> **Task instructions**:
Would you return the lines between the one holding "Turquoise open-sleeve shirt" and the one holding "finger near head", inclusive, and only those, exactly as they stand in the listing below?

> **The records**:
★ ★ ★
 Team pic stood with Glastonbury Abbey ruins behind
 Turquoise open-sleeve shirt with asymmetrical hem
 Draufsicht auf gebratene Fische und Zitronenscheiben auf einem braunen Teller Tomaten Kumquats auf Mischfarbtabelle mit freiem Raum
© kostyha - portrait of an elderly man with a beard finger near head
★ ★ ★
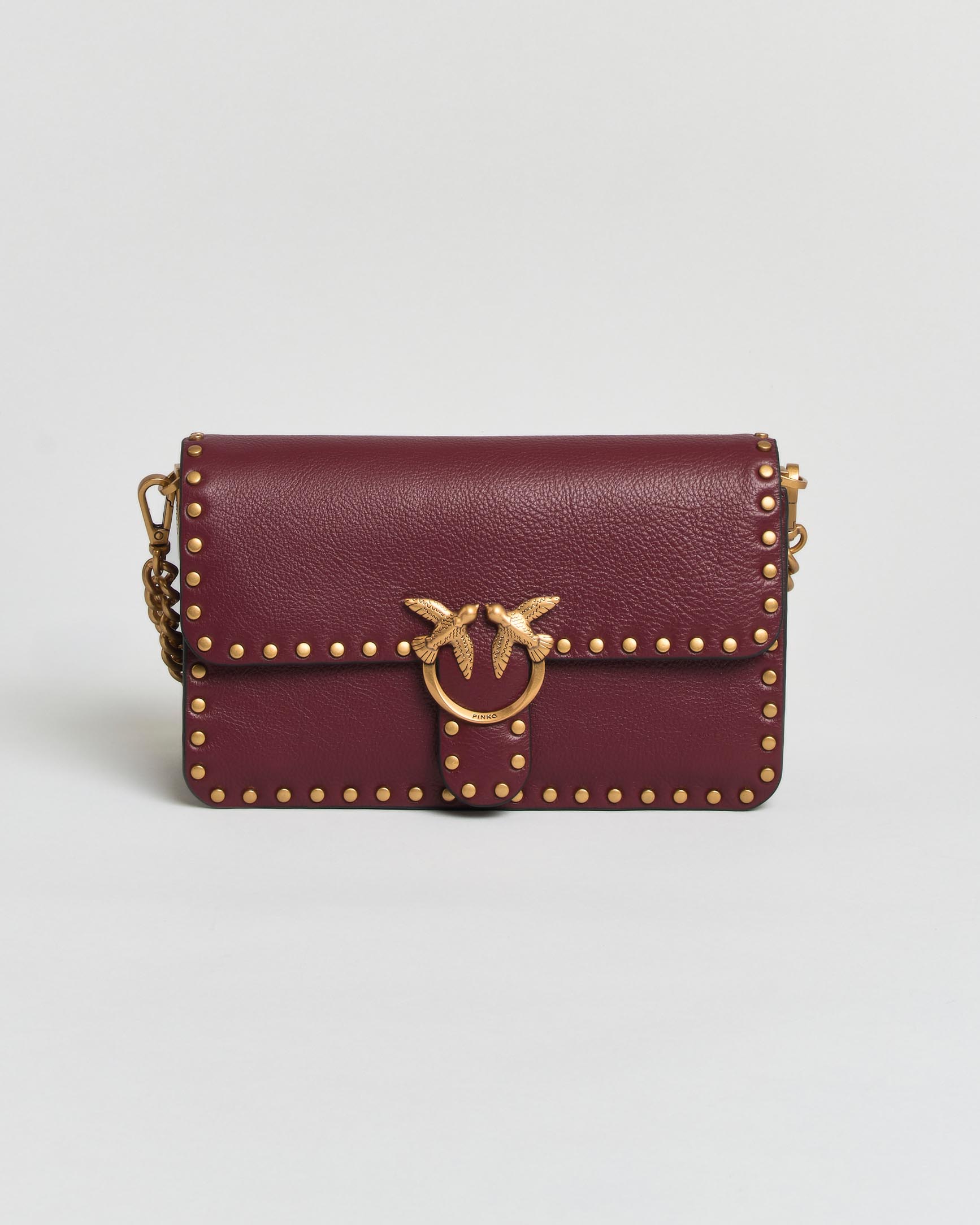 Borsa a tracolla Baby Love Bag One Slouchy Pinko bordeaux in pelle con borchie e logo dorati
★ ★ ★
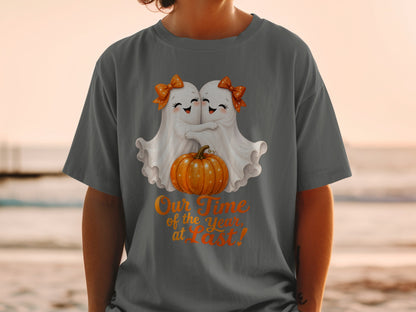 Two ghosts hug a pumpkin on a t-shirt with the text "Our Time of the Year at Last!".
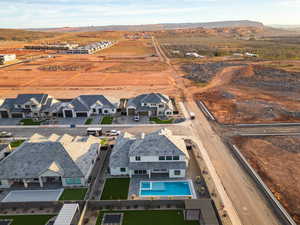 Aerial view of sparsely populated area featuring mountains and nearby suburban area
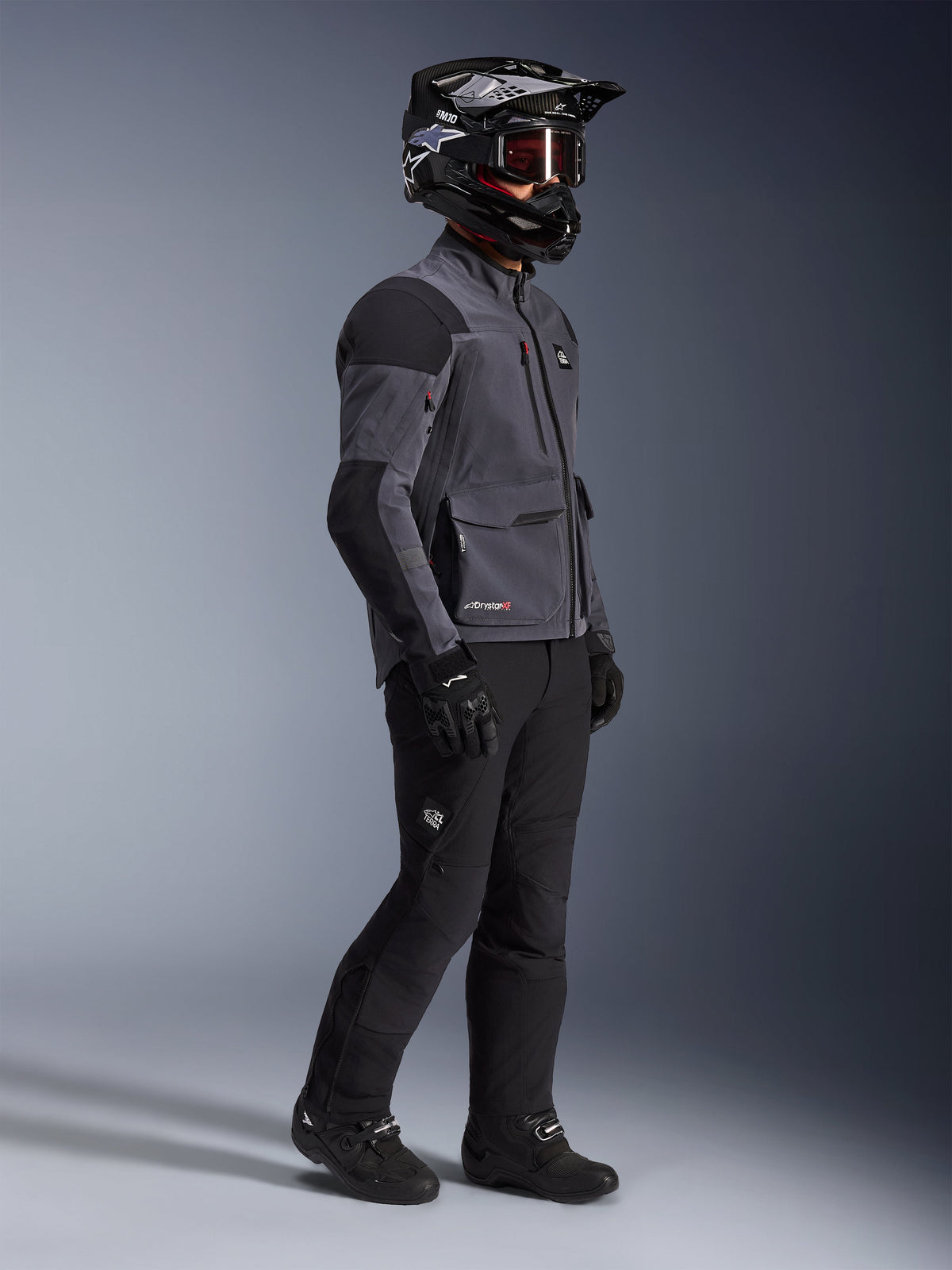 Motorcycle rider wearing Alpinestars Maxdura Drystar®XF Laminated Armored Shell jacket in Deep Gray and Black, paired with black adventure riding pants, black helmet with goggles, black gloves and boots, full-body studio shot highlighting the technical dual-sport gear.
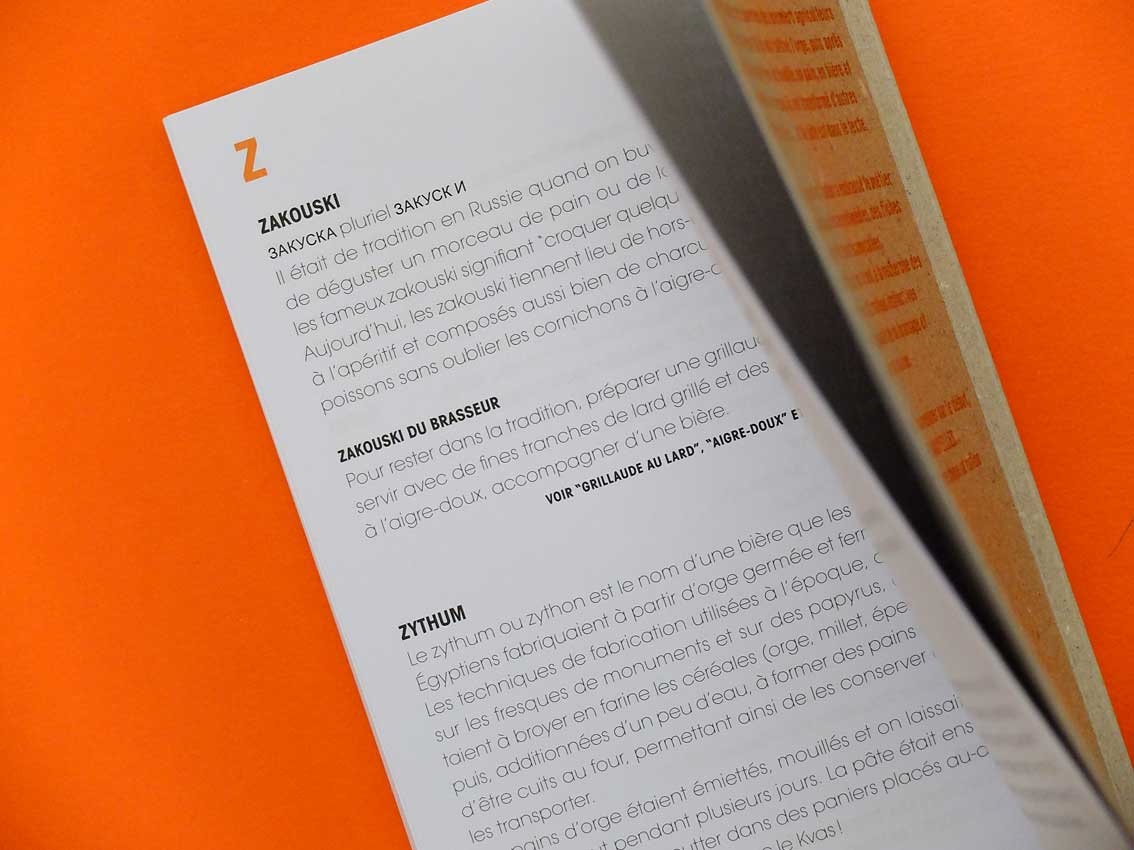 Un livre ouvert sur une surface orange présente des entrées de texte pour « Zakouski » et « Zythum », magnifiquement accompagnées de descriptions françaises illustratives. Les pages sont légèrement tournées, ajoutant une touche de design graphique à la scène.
★ ★ ★
> **Your solution**:
 Turquoise open-sleeve shirt with asymmetrical hem
 Draufsicht auf gebratene Fische und Zitronenscheiben auf einem braunen Teller Tomaten Kumquats auf Mischfarbtabelle mit freiem Raum
© kostyha - portrait of an elderly man with a beard finger near head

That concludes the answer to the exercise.